## Record excerpts
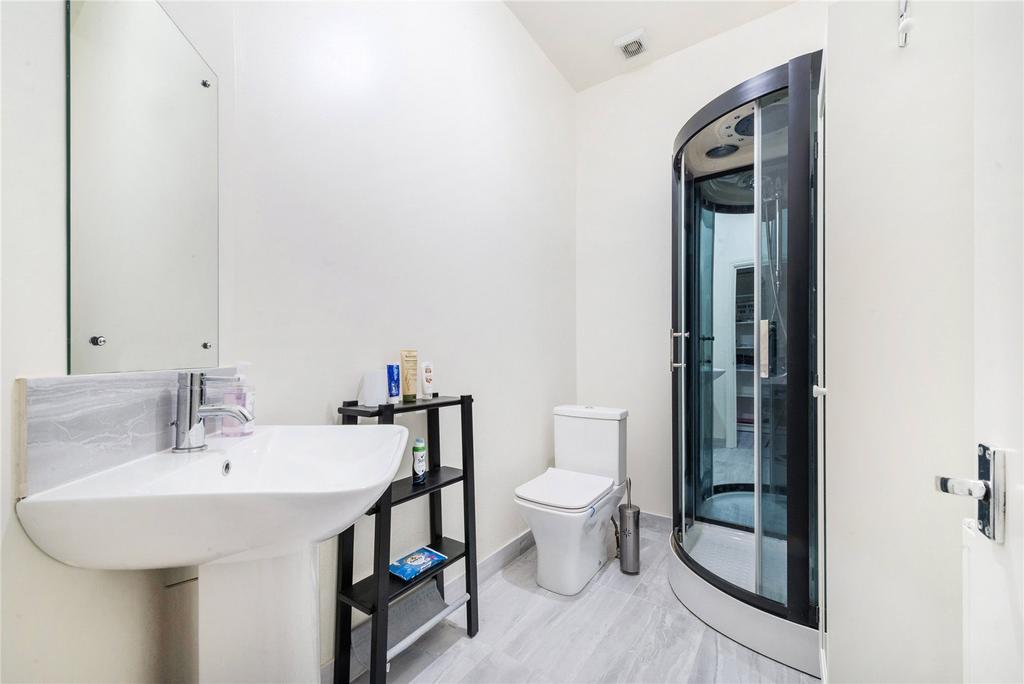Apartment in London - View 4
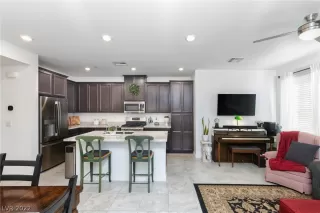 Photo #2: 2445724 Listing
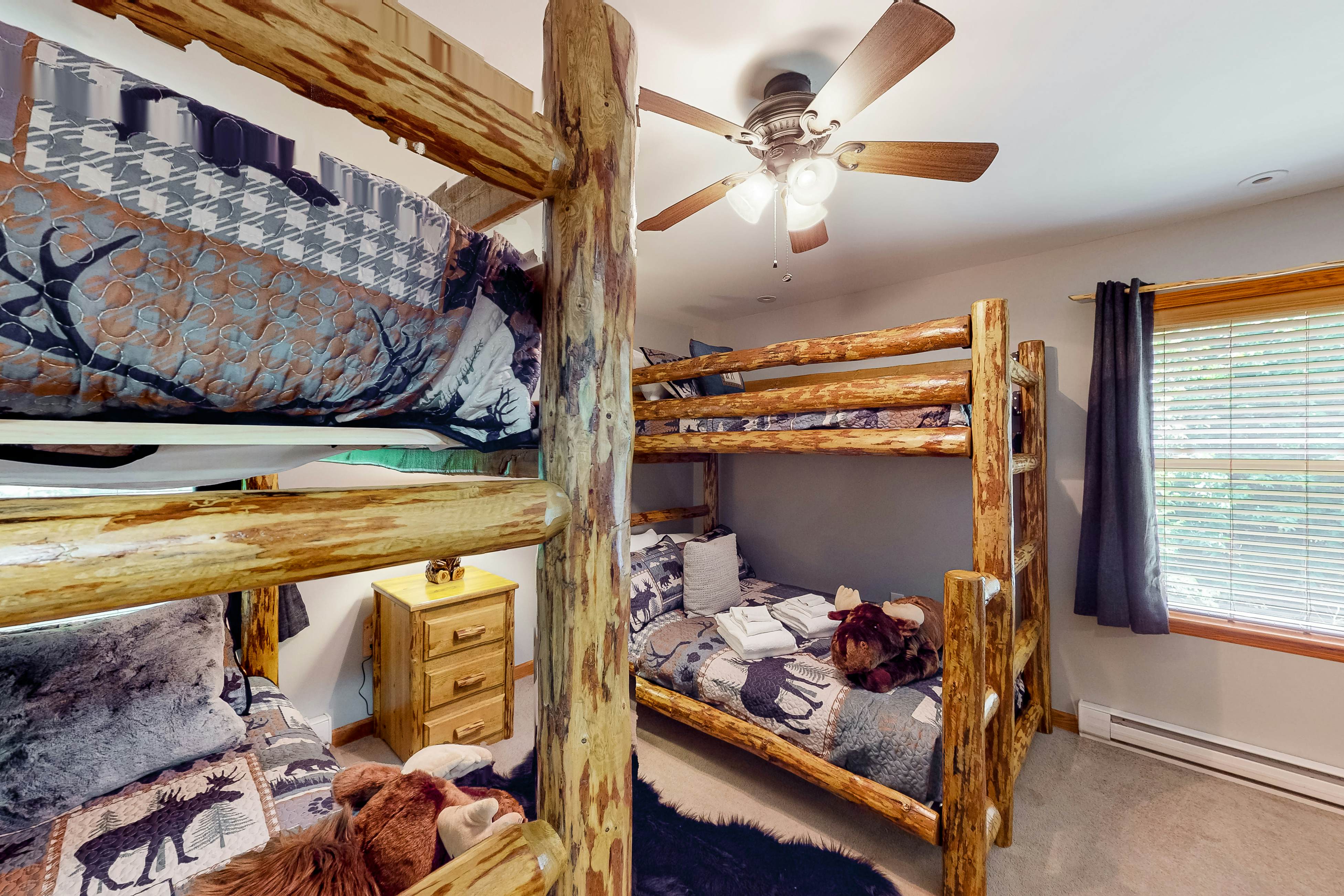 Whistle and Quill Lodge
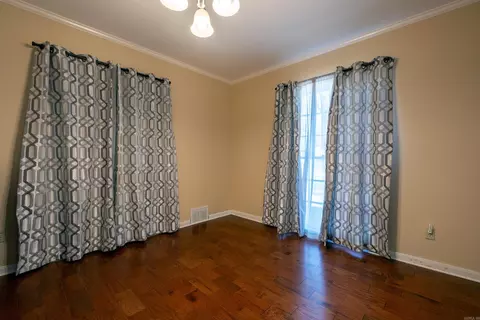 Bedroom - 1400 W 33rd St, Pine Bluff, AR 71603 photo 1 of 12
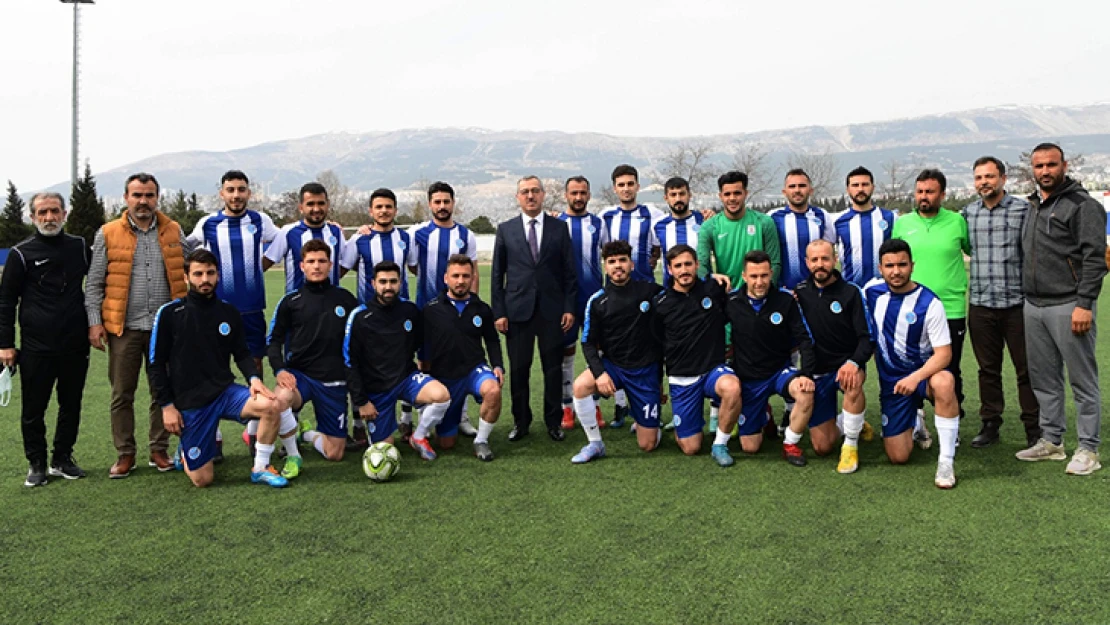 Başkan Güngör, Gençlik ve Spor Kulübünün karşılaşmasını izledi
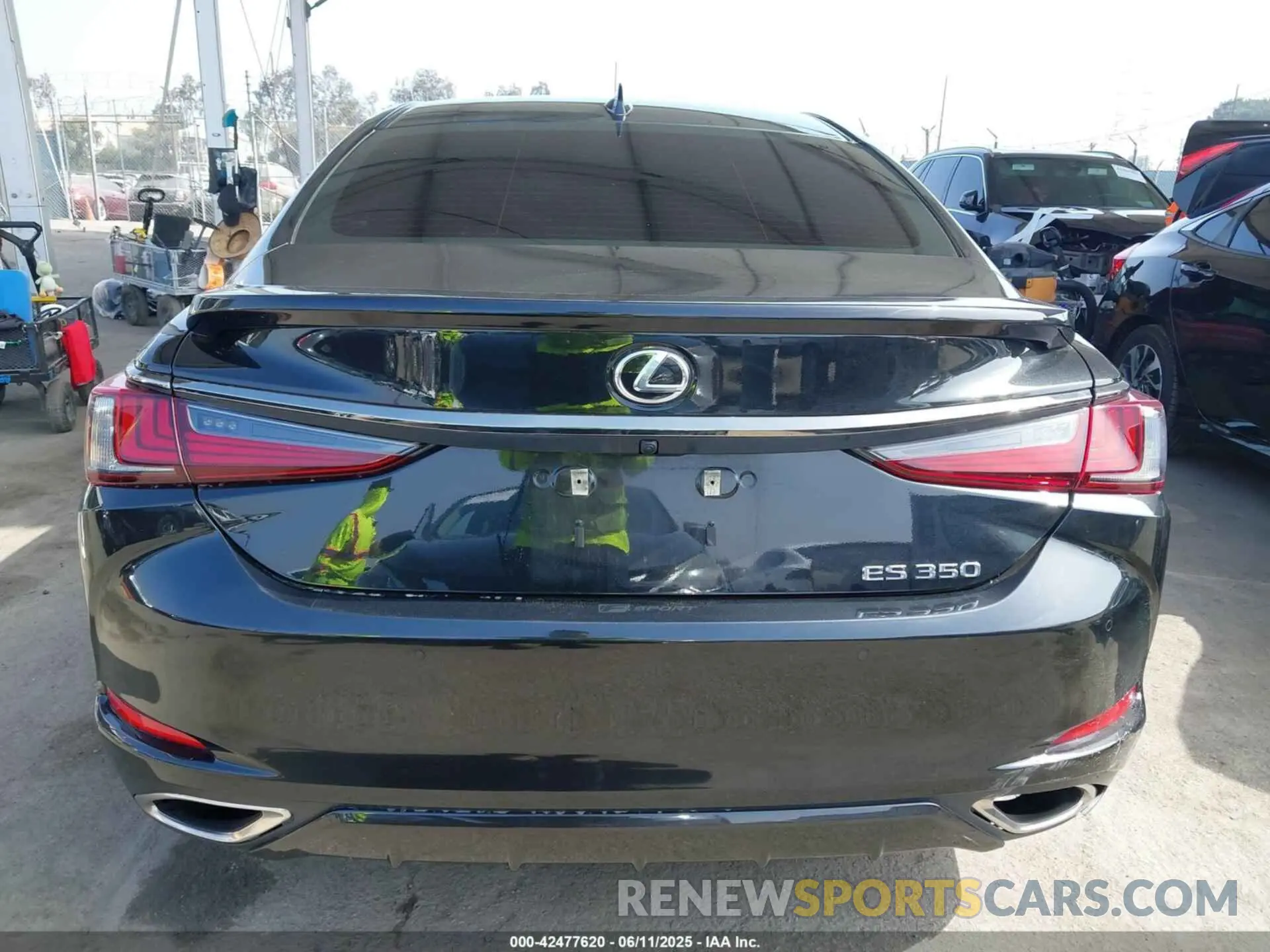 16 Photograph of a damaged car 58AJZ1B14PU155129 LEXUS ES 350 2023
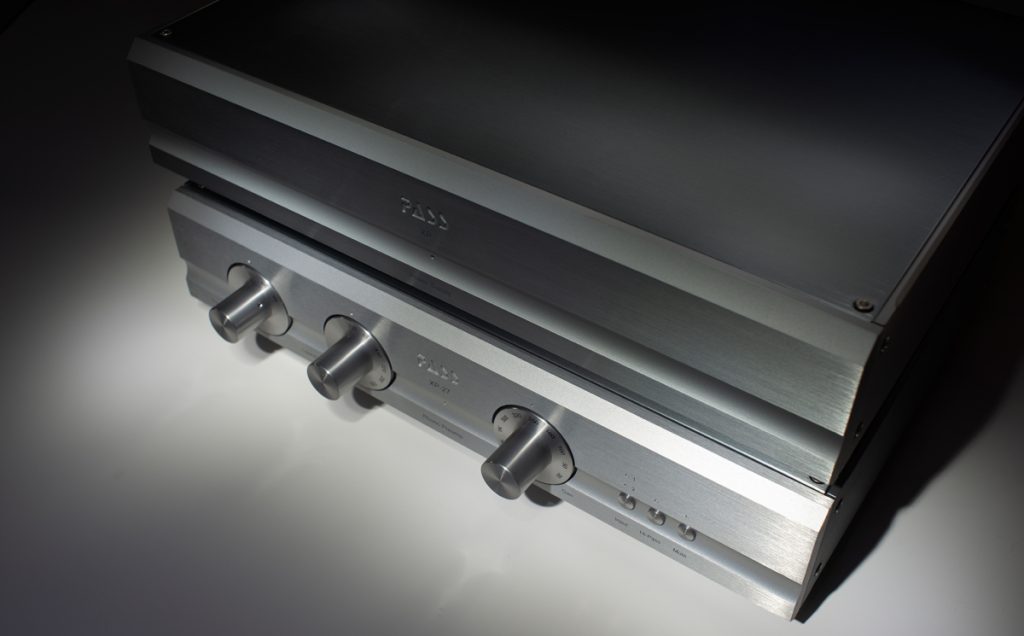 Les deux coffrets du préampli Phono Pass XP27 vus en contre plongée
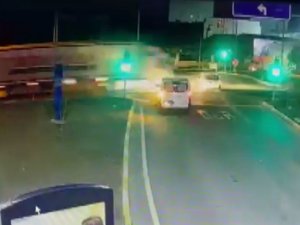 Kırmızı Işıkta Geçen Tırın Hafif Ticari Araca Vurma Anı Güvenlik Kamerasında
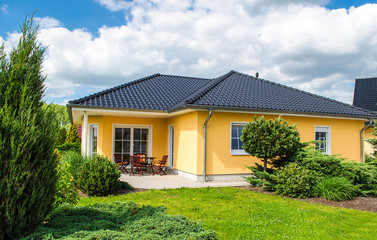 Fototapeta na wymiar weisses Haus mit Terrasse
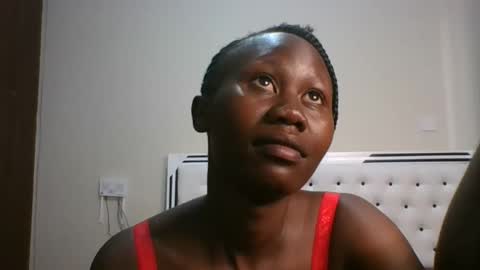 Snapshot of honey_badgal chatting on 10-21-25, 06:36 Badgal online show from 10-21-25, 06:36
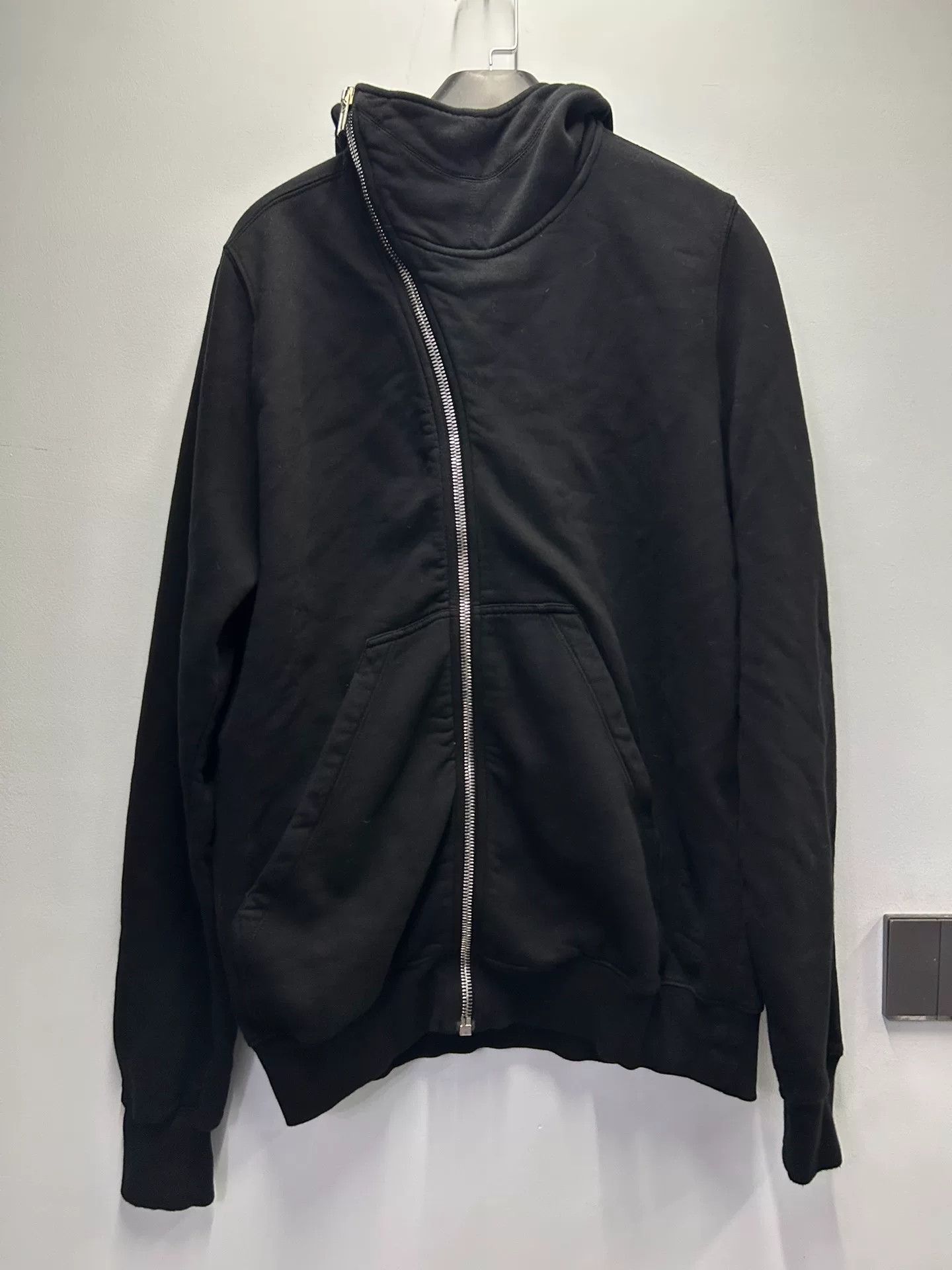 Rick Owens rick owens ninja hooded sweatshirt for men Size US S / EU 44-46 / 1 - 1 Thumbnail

## Directions for this task
Set down all records verbatim, omitting images.

## Completed exercise
Apartment in London - View 4
 Photo #2: 2445724 Listing
 Whistle and Quill Lodge
 Bedroom - 1400 W 33rd St, Pine Bluff, AR 71603 photo 1 of 12
 Başkan Güngör, Gençlik ve Spor Kulübünün karşılaşmasını izledi
 16 Photograph of a damaged car 58AJZ1B14PU155129 LEXUS ES 350 2023
 Les deux coffrets du préampli Phono Pass XP27 vus en contre plongée
 Kırmızı Işıkta Geçen Tırın Hafif Ticari Araca Vurma Anı Güvenlik Kamerasında
 Fototapeta na wymiar weisses Haus mit Terrasse
 Snapshot of honey_badgal chatting on 10-21-25, 06:36 Badgal online show from 10-21-25, 06:36
 Rick Owens rick owens ninja hooded sweatshirt for men Size US S / EU 44-46 / 1 - 1 Thumbnail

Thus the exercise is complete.